Tomó uno de los muñecos del piso y lo observó obnubilado como si aquello le ayudase a sacar conjeturas al respecto. Lo arrojó súbitamente al suelo preso de un pánico casi mortal cuando se presentó en sus oídos el metálico ruido que hacían un puñado de sillas al arrastrarse violentamente en el suelo de cerámica de la planta baja.


No lo pensó ni un momento y bajó corriendo las escaleras hasta la sala.


Allí todo estaba en orden, lo cual lo alteró aún más.


¡Sal de donde sea que estés! Clamó esclavizado por el terror.


Un dolor punzante le obligó a mirarse la palma de las manos y allí vio los pequeños cortes que sus propias uñas le habían dejado marcado.

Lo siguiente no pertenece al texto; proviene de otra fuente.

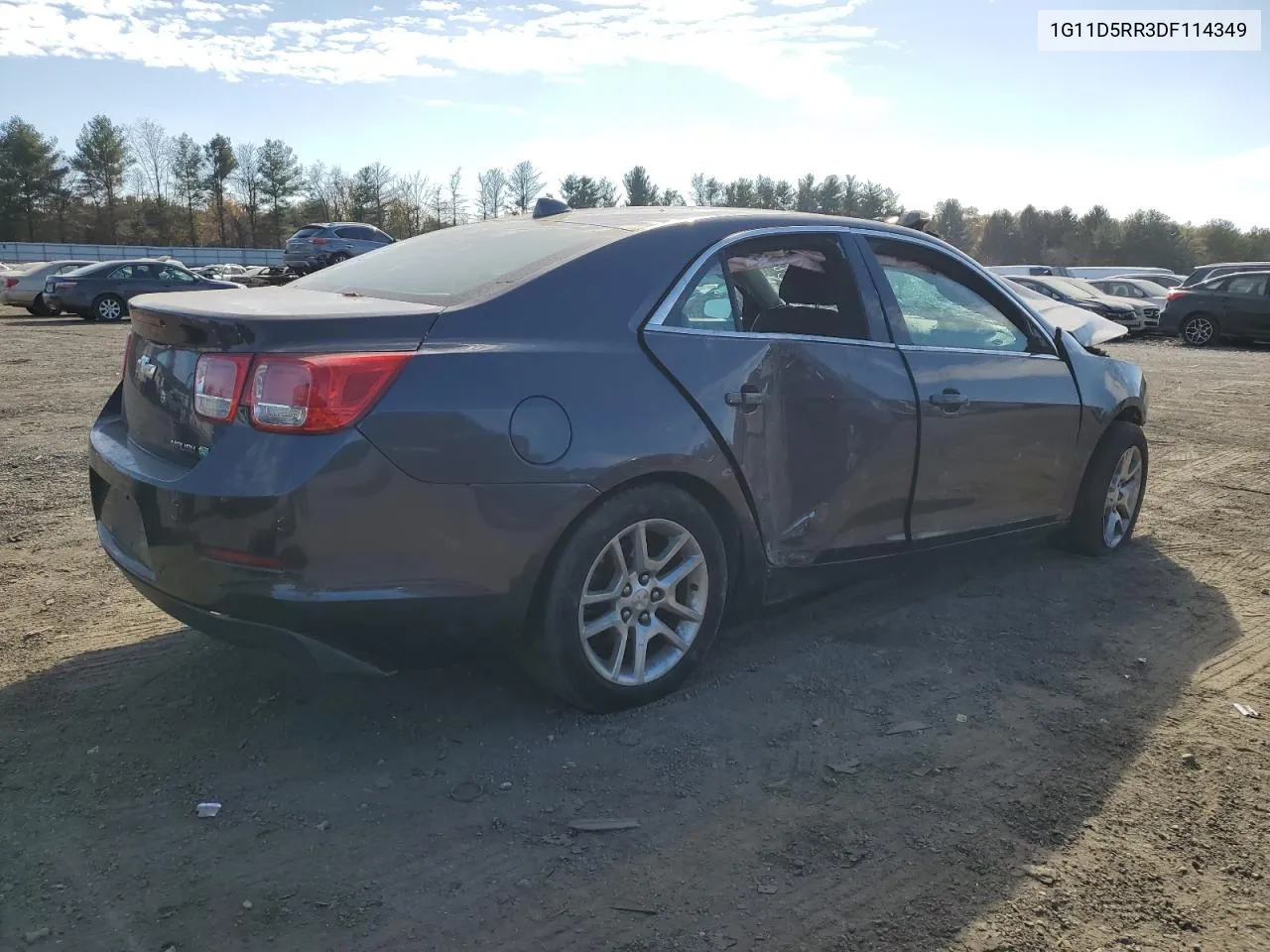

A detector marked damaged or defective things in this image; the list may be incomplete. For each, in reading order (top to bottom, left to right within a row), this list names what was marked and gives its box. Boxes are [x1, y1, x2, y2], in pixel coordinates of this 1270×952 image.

dented door panel [640, 327, 919, 565]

Recorrió toda la casa hundido en la más honda de las penumbras. Estancia por estancia, rincón por rincón. No encontró nada. La búsqueda era inútil por lo que al poco tiempo se rindió y decidió que lo mejor sería volver a la cama. Lidiar con fantasmas eran tan difícil como lidiar con uno mismo, si es que no era en el fondo la misma cosa.

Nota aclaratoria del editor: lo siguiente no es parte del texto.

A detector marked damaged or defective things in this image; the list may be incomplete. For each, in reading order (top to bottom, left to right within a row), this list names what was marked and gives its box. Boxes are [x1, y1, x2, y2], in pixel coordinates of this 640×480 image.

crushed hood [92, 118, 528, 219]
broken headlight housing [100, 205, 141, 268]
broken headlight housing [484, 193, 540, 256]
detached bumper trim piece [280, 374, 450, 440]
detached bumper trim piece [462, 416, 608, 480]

Se quedó durante un largo rato recostado mirando el techo a oscuras mientras su cabeza no dejaba de atormentarlo.


Una parte de sí mismo, aquella que pensaba sin él, le susurraba terroríficamente al oído que todo aquel circo no era más que su dosis diaria de miedo, que en verdad aquellos monstruos y aquellos abismos que tanto lograban amedrentarlo yacían en algún rincón inhóspito de su alma.


Aquella parte de sí mismo, a veces lejana, casi siempre autómata, se reía de él y de la inagotable fascinación que le producía aquella inyección nocturna de terror, inyección que le ayudaba justamente a hacer existir fuera aquellos fantasmas que no eran más que las sombras oscuras de su ser.